3. Waiver. The tenant contends that even if storing
materials outside the premises can be considered material
breaches, the judge should have found that the landlord, by
acquiescing to such storage for an extended period of time and
continuing to accept rental payments, waived any rights to
forfeiture. In the commercial lease context, waiver is a
question of fact in light of all of the circumstances. See
M.J.G. Props., Inc. v. Hurley, 27 Mass. App. Ct. 250, 252 (1989)
(Hurley).
The tenant relies heavily on Hurley to support its argument
that the landlord waived its right to terminate the 2020 lease.
The tenant's reliance on Hurley is misplaced both as a matter of
law and as a matter of fact. Unlike Hurley, 27 Mass. App. Ct.

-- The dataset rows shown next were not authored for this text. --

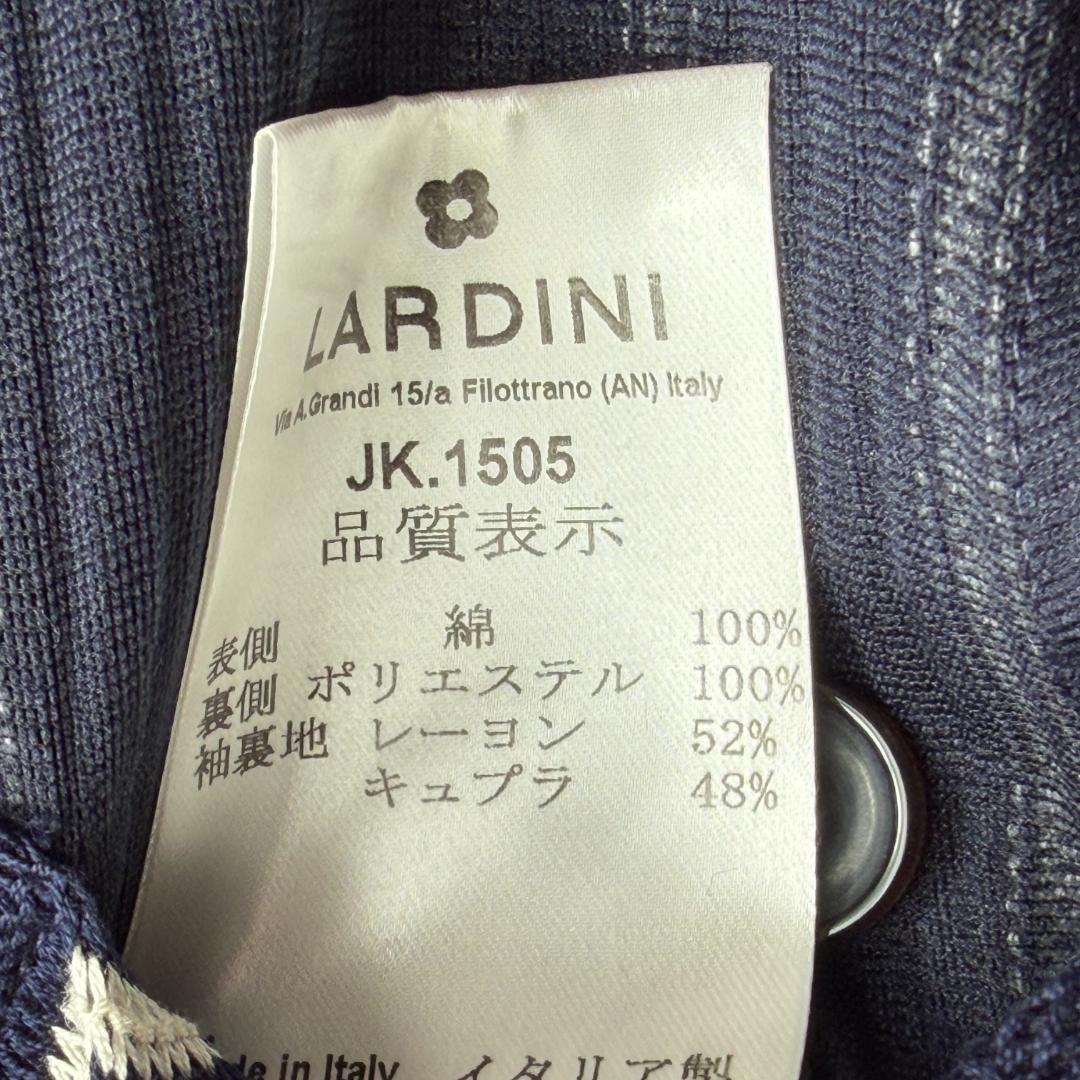 超美品 ラルディーニ テーラードジャケット ニット ネイビー 46 春夏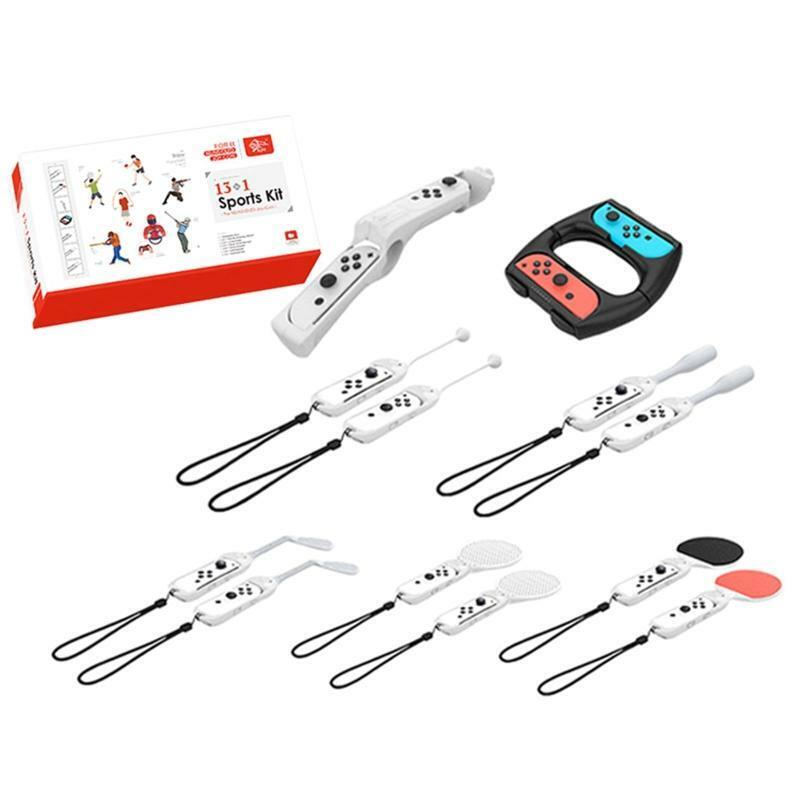 13 in 1 Accessories Kit Sense Shooting Hand Grip Holder for Switch/Switch OLED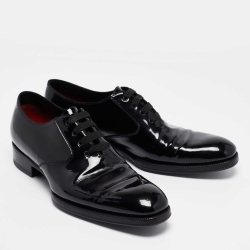Tom Ford Black Patent Leather Lace Up Oxfords Size 43.5
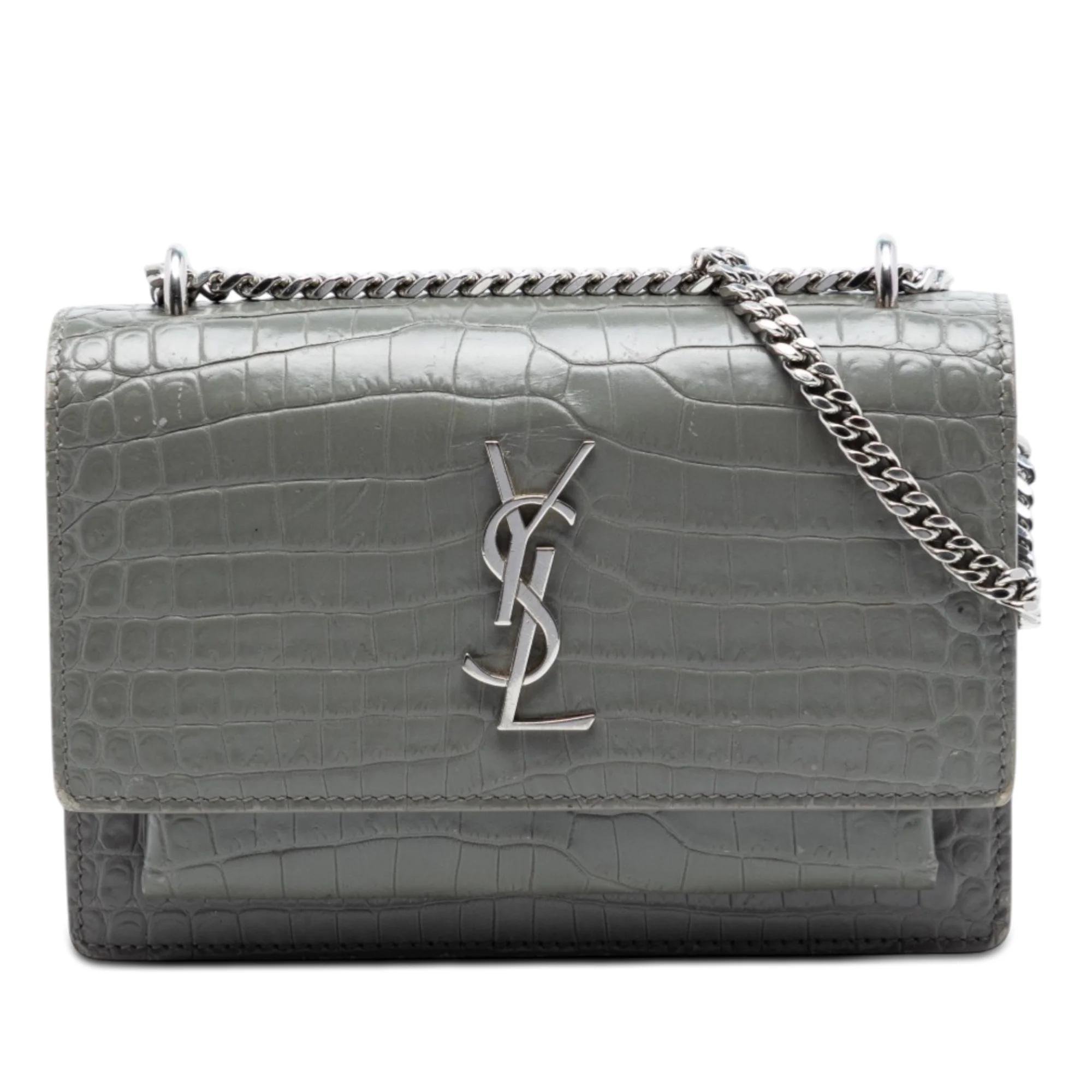 Sunset leather crossbody bag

at 251-253, where the lessor, who had knowledge of the breaches
at issue, never mentioned them to the lessee and ignored them
7 until the notice of termination, the landlord here did not
ignore the tenant's numerous breaches. Starting at least as
early as March 27, 2021, the landlord requested that the tenant
remove the items stored outside Comeketo and was assured by the
tenant that the issue "will be taken care of." The landlord
continued these written and verbal efforts until January of
2022, when it saw no other option but to place the tenant on
notice that multiple "events of default" had occurred. Rather
than acting in a manner that constitutes a waiver of legal
rights, the landlord here acted with patience and courtesy in a
reasonable effort to accommodate the business needs of the
tenant. Therefore, we discern no error by the judge.
4. Subsequent actions. The tenant further argues that the
judge erred by improperly considering the tenant's actions that
followed termination of the 2020 lease and the tenancy at will.
We disagree. Based on the evidence presented and the tenant's
supplication for equitable relief, the judge found that the
tenant engaged in numerous unsafe and unsanitary acts and
omissions even after the termination of the 2020 lease and the
tenancy at will, continuing well into 2023. The tenant,
however, has not shown that the judge relied on these subsequent
actions as grounds for termination. Rather, as set forth above,
the material breaches expressly enumerated in the judge's
findings occurred prior to the summary process action.
8 Furthermore, the landlord fully identified the breaches at issue
in the notice of default and the notice to quit and notice of
termination. See Strycharski v. Spillane, 320 Mass. 382, 384-
385 (1946) (grounds for termination must be identified in notice
to quit). The tenant has not shown that the judge erred.
Judgment affirmed.
By the Court (Blake, Walsh & Hodgens, JJ.1),
Clerk
Entered: October 29, 2024.
1 The panelists are listed in order of seniority.